One’s pleasures and sources of happiness become more and more refined as one evolves. Always, I have to be honest with myself and my current state of evolution. In the early stages, knowledge work (reading, writing, and discursive reflection) can be a useful tool to help me work past frivolous media addictions and attachment. In the relative scale of merits, I feel that developing the mind through reading and writing is a much more worthy use of my limited time on this Earth than watching Youtube, for example. That’s not even to mention other even more destructive pursuits – vacuous, short-sighted reaches for dopamine, against which, I admit, I am not entirely immune. So, for me, I feel literature and writing is a productive activity. Eventually, if I’ve cleansed my impurities and delusions enough, I may reach a point where reading and writing are no longer quite as useful to me. At that point, I may find that my attachment to those activities falls away naturally…or not. I’ll have to wait and observe and continue to develop my practice. But for now, I fear that letting go of reading and writing could precipitate a fall back down onto a lower rung of the ladder, back into more vacuous dopamine chasing.
I guess what I’m trying to say can be encapsulated nicely by the old aphorism: “Don’t let perfect be the enemy of the good.”
Forcing myself to give up knowledge work as a form of dutiful adherence to an idealized end state of spiritual attainment only does harm to my current self. It allows more room for the more pernicious, lazier parts of my character to express themselves. In the end, it does no good to “should” on myself.
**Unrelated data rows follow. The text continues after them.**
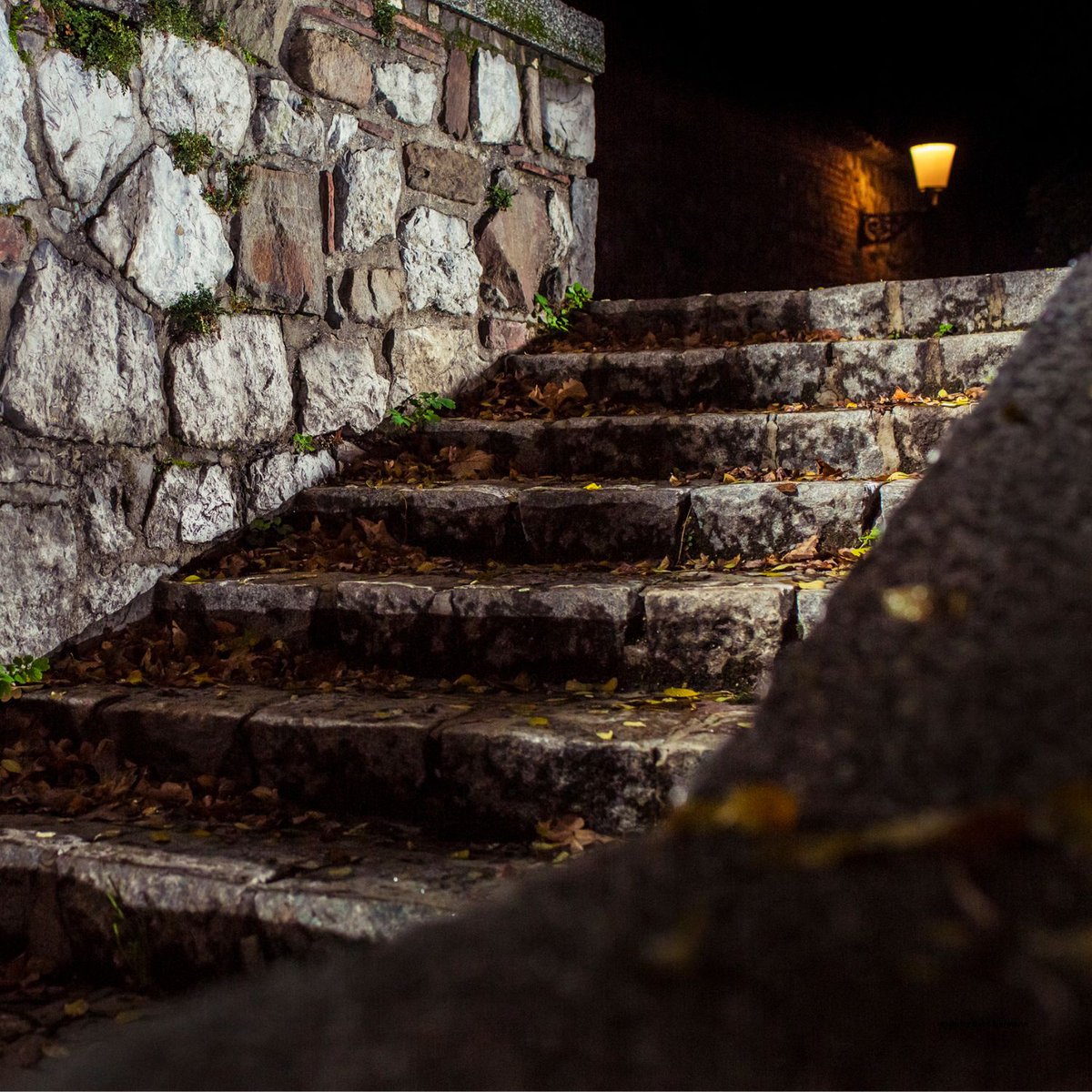 Hörst du die Gründe rufen

Hörst du die Gründe rufen
Im Traume halb verwacht?
O, von des Schlosses Stufen
Steig nieder in die Nacht.

Die Nachtigallen schlagen
Der Garten rauschet sacht,
Es will dir Wunder sagen,
die wunderbare Nacht.

(Joseph von Eichendorff)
Always, I have to be honest with myself and my current state of evolution. The quote in the first paragraph, therefore, may not serve me if I’m not yet at a level where it is actionable. Believe me, in my initial idealistic fervor I have tried jumping to the end. I have tried giving up everything and just sitting in a room and looking at my own mind all day, for several days in a row. It was excruciating. It was too much. I aborted. I didn’t have the tools and the maturity to see it through alone. I realized I needed support. I needed to be embedded in a spiritual community and to work diligently along with others. Then, in the community, I chose to leave. There were a few things I felt very strongly I still wanted to do in the world. Does that mean I have experienced a backslide into worldliness? Was my initial fervor just a “spiritual phase” that I went through? I don’t yet have an answer to those questions. But I have chosen to trust my heart, and I know that I must take absolute responsibility for my life with honesty and compassion. Patience. The lotus opens to the sun, but first its roots in the mud must be nourished.